Robert Dvorak accepted a position in the Music Department at Chicago Teachers College. However, the untimely death in the summer of 1953 of his high school music director-mentor, Louis Blaha, precipitated his becoming the Head of the Music Department of J. S. Morton College and High School. This administrative-teaching position was paved by Blaha himself who with his students already had been performing many of Robert Dvorak’’s band compositions such as “Concerto for Trumpet” and “Concerto for Trombone and Band.” And so, influenced by popular demand, Robert Dvorak became the Director of Fine Arts for the J. Sterling Morton College and High Schools of Cicero and Berwyn, Illinois, a post he held from 1953 to 1980. This was an instructional complex in the western suburbs of Chicago serving the six townships of Cicero, Berwyn, Lyons, Stickney, Fairview, and McCook. His Visual Arts and Music Staff consisted of full-time teachers plus vocal and instrumental specialists including Chicago Symphony players who gave private lessons and coached sections of the outstanding Morton District’’s Symphony Orchestra and the Concert Band.

In 1955, Mr. Dvorak founded and directed a summer youth music camp at Camp Lake, Wisconsin, for incoming first-year music students and high school students. The project was co-sponsored by the district school board and an organization of music parents, some of whom also served as counselors in the camp. The project continued to function successfully even following his retirement in 1980. For three summers, Dvorak also taught at the National Music Camp at Interlochen, Michigan. He conducted the National High School chorus and taught music theory and music appreciation.

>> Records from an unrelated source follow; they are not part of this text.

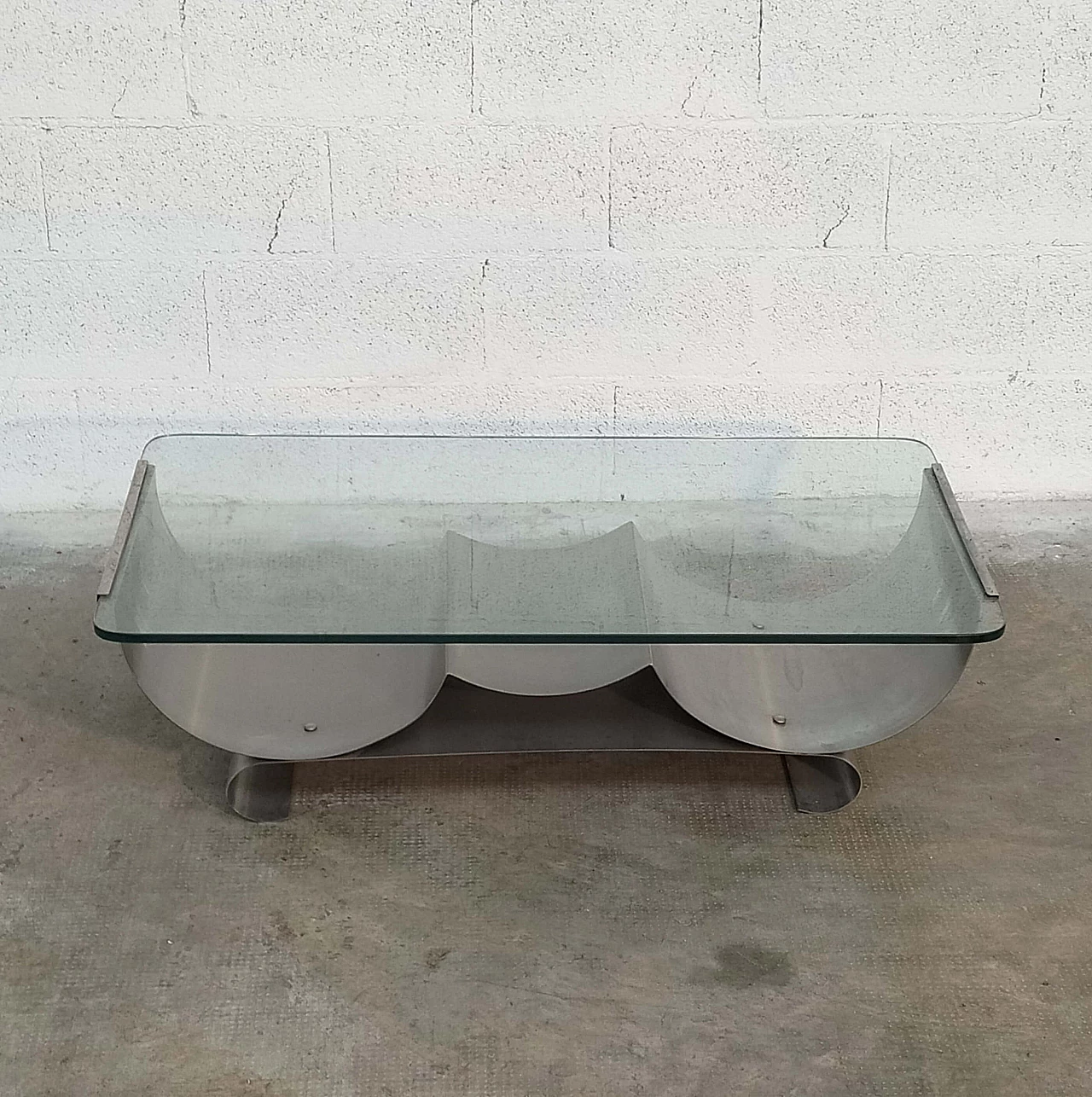 Stainless steel and glass coffee table by Francois Monnet for Kappa, 1970s 9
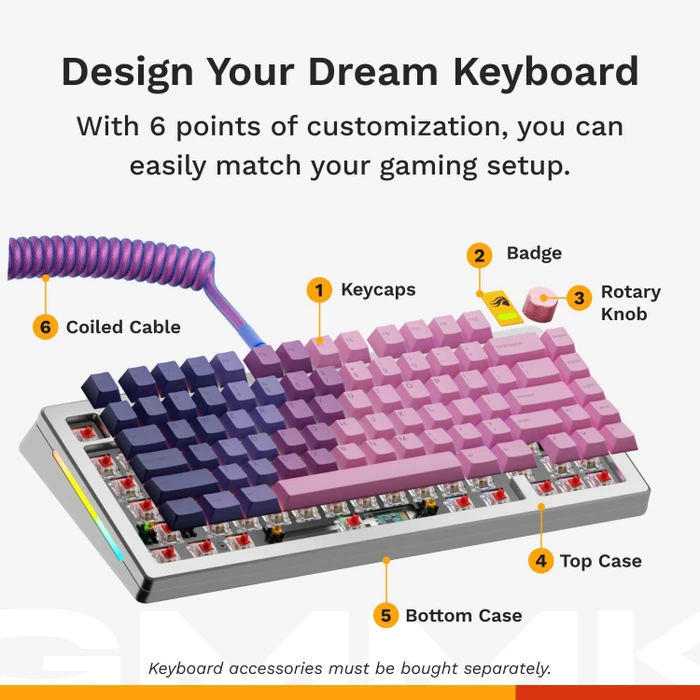 Glorious GMMK 3 Pro HE 75% Pre-built Gaming Keyboard, silber, LEDs RGB, Glorious Fox HE, USB, US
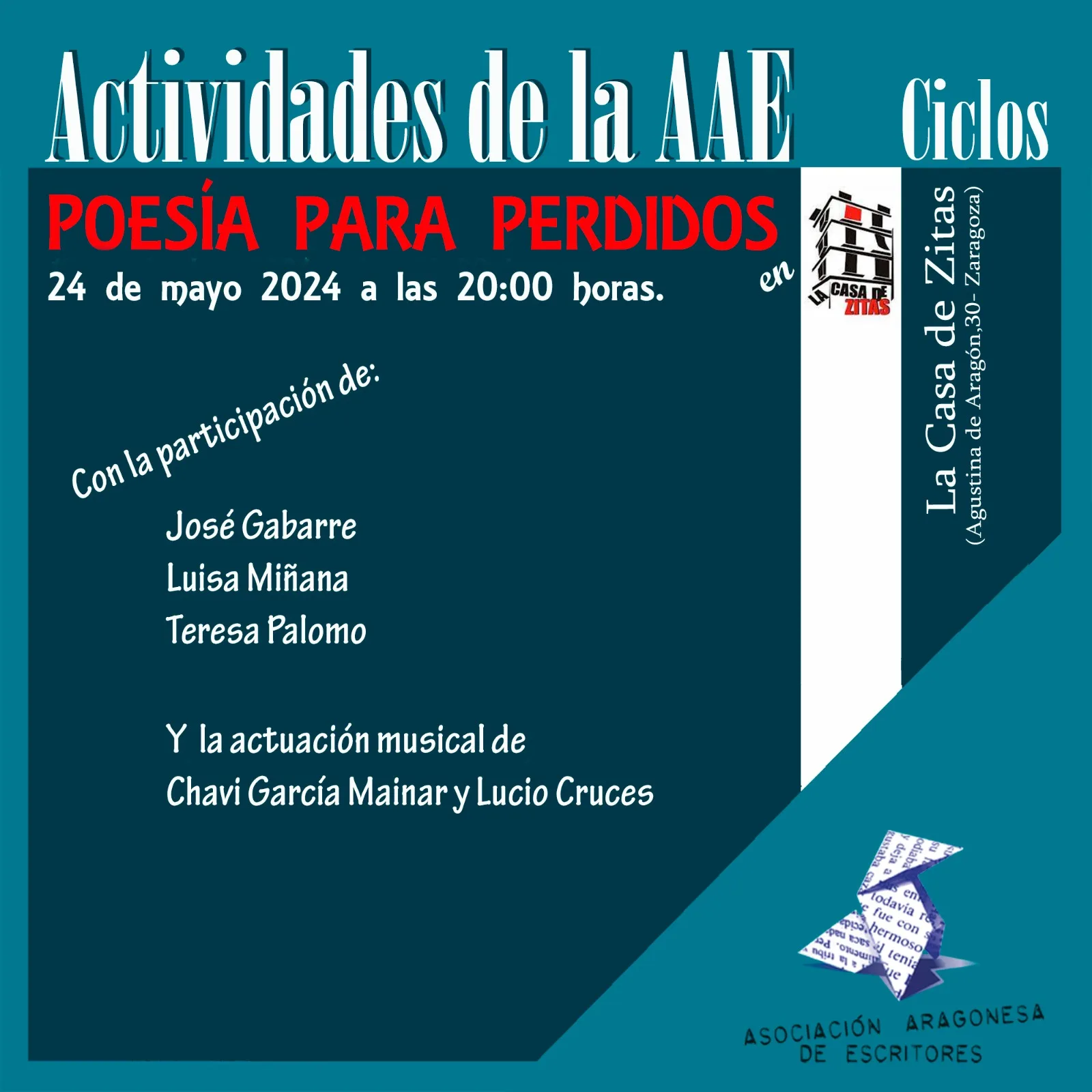 poesía Para Perdidos Inicia Una Nueva Etapa En La Casa De Zitas Zaragozala Qué Hacer En Zaragoza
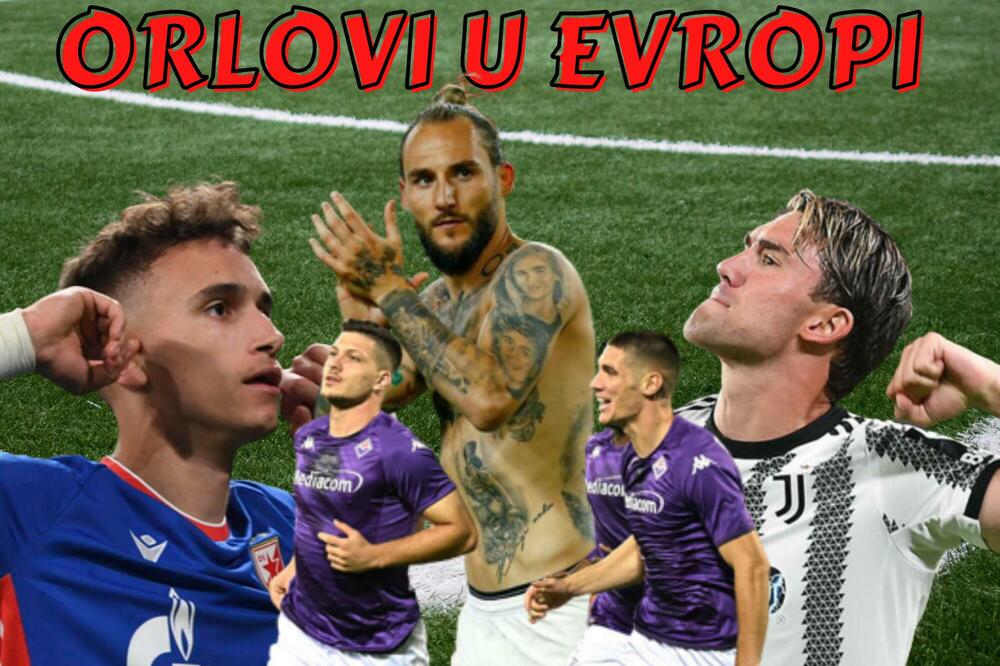 ORLOVI U EVROPI: Vlahović i Vanja DOMINIRALI u Torinu, Gudelj RAKETIRAO Rajkovića! Golovi 2 Mitrovića, Tadića, Luke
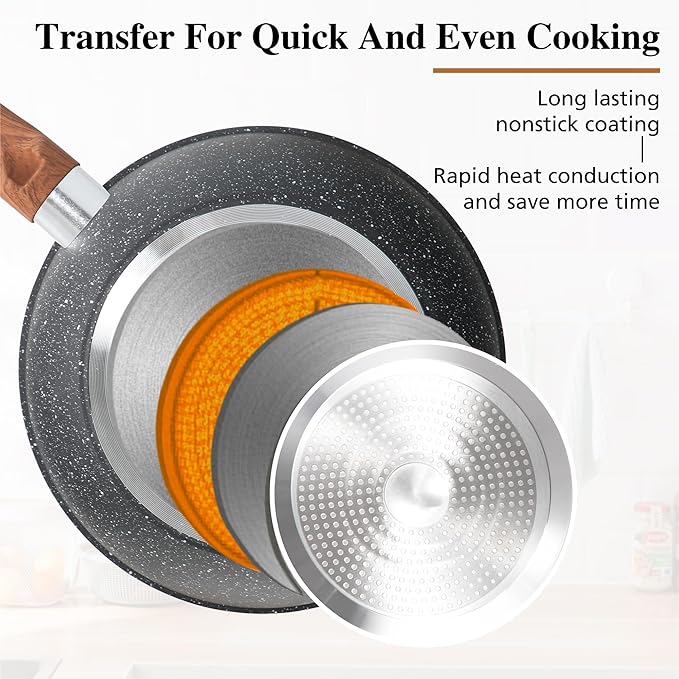 30 Piece Pots and Pans Set Non Stick, Granite Induction Cookware Sets, Nonstick Kitchen Cookware Sets, Non Toxic Cookware Set with Frying Pans and Saucepan, Kitchen Pots and Pans Set, Black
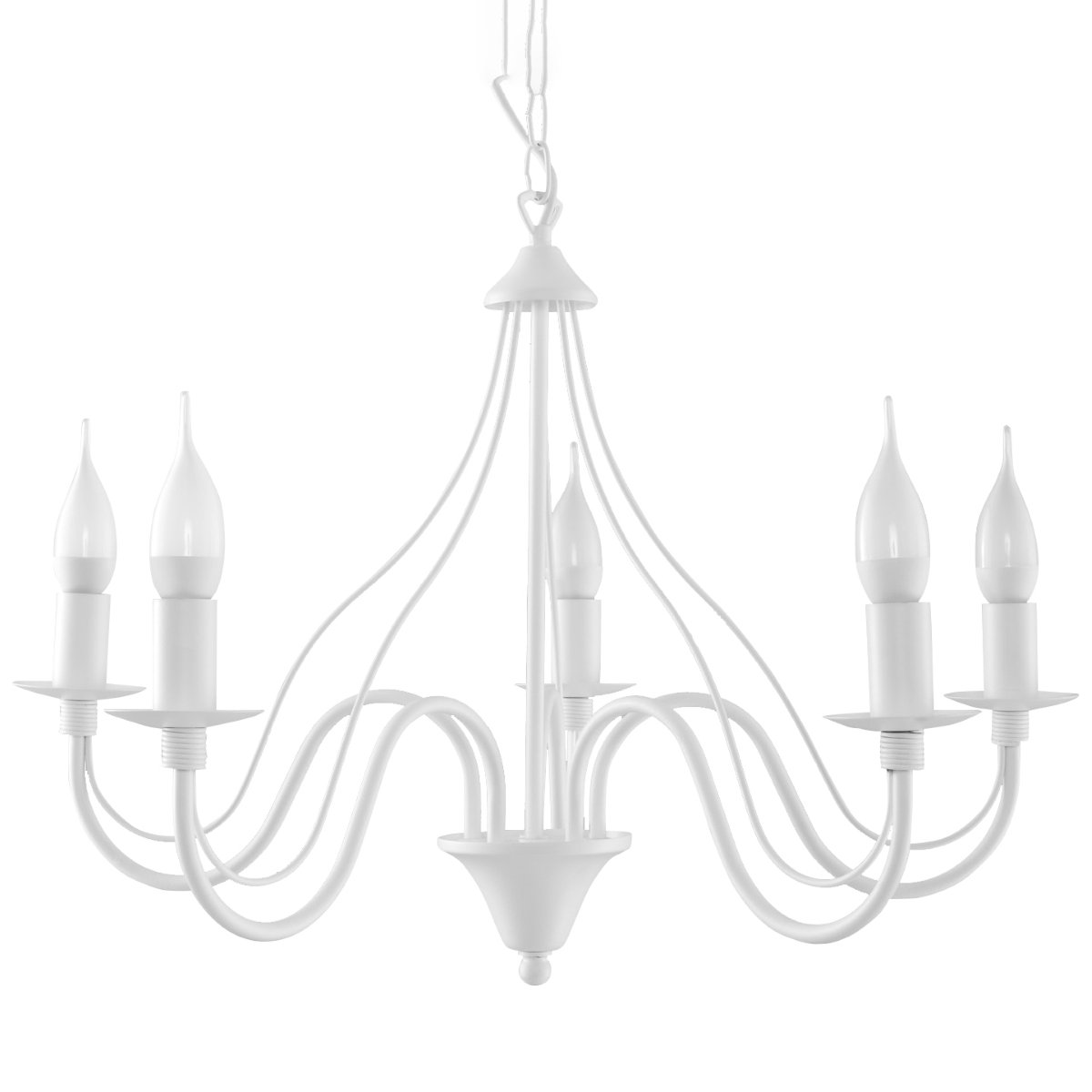 Lustre Acier Blanc E14 5 Minerwa blanc, EDEN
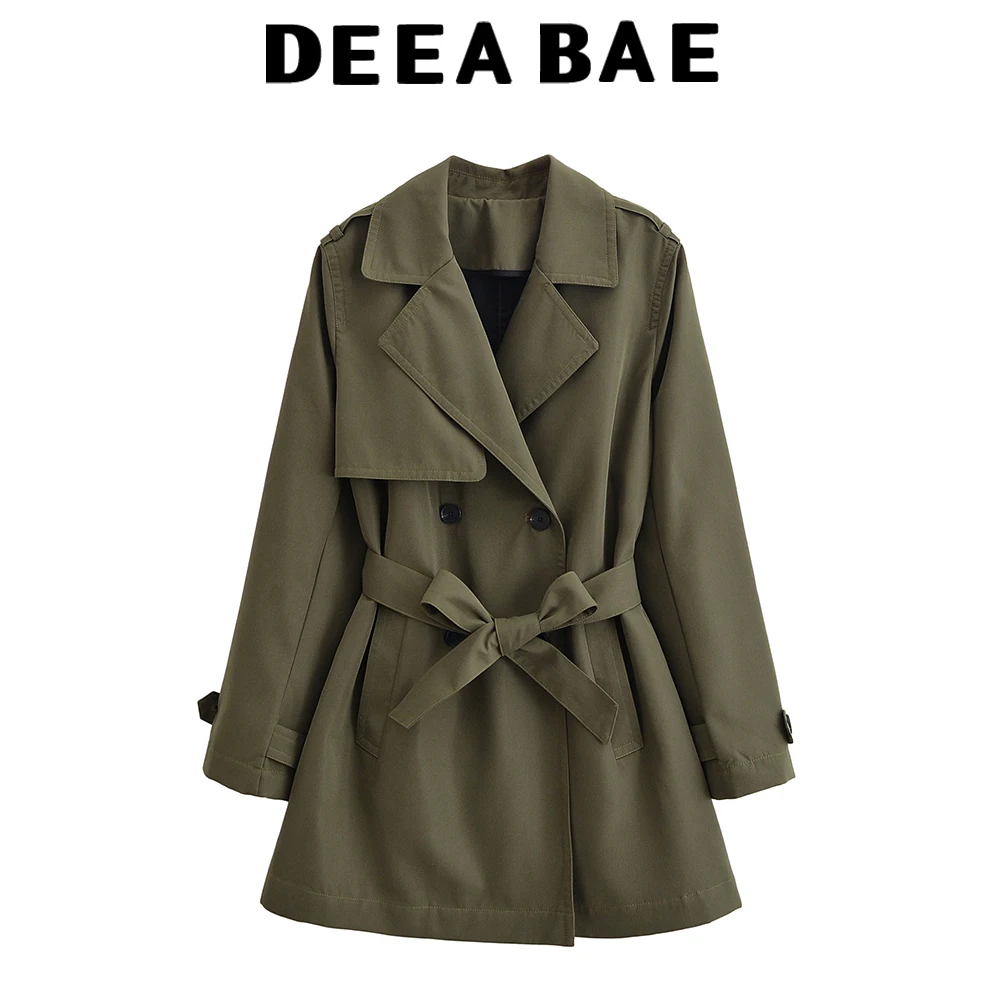 

DEEABAE Осенняя женская одежда с поясом и лацканами с длинными рукавами, свободная ветрозащитная двубортная куртка-ветровка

From 1966-1969, Robert Dvorak served two terms as President of the Illinois Music Educators Association. During that term, he encouraged and guided 300 specially selected Illinois All-State students to France to perform for the International Society for Music Education Conference held in 1969. The audience, representing over 50 nations, included many Communist countries. This being 1969, it was not surprising that many in attendance suspected clever political motives and CIA connections after hearing the Illinois All-Staters’ superior performance of the music of living mid-western American composers. Following this experience, he was elected President of the Chicago and Midwest Chapter of the International Society for Contemporary Music and served for two terms (1970-1974). Focusing on the Morton Schools once again, Dvorak enjoyed taking his students, as well as community members, on a music appreciation and performance tour to Czechoslovakia, Austria, and Hungary in 1975.

Because Chicago was often the site of many conventions hosted by the professional organizations of which he was a part as well as other music groups, Mr. Dvorak usually assisted with some type of leadership role. He is a member of the American Society for Composers, Authors and Publishers (ASCAP). The recipient of numerous honors, he values most that the music educators and professional musicians of Illinois selected him to be their 1976 Illinois Bicentennial Composer.

Mr. Dvorak’’s musical life included performing as a pianist, French horn player, and accompanist in vocal and instrumental recitals, and theatre pit orchestras. As an organist and choir director or both, he served in churches of different denominations. He guest conducted vocal and instrumental festivals of combined groups of high schools, and appeared in that capacity on many college campuses. He also lectured on various topics dealing with music and performance. Living in London for four summers brought much enrichment to him through contacts with musicians and enjoyment of symphony, opera, ballet, musicals, plays, band concerts in the park, and art exhibits. Composition studies in New York with Vittorio Giannini at the Juilliard School of Music and in Fontainebleau and Paris with Mlle. Nadia Boulanger, contributed much to his value as a teacher, as a practicing musician, and as a composer.

Since 1990, Robert J. Dvorak lives close to his —son, Robert H., and two grandchildren in Richmond, Texas— , and pursues his “passion” which is composing meaningful music and participating in the Czech Cultural Center Houston.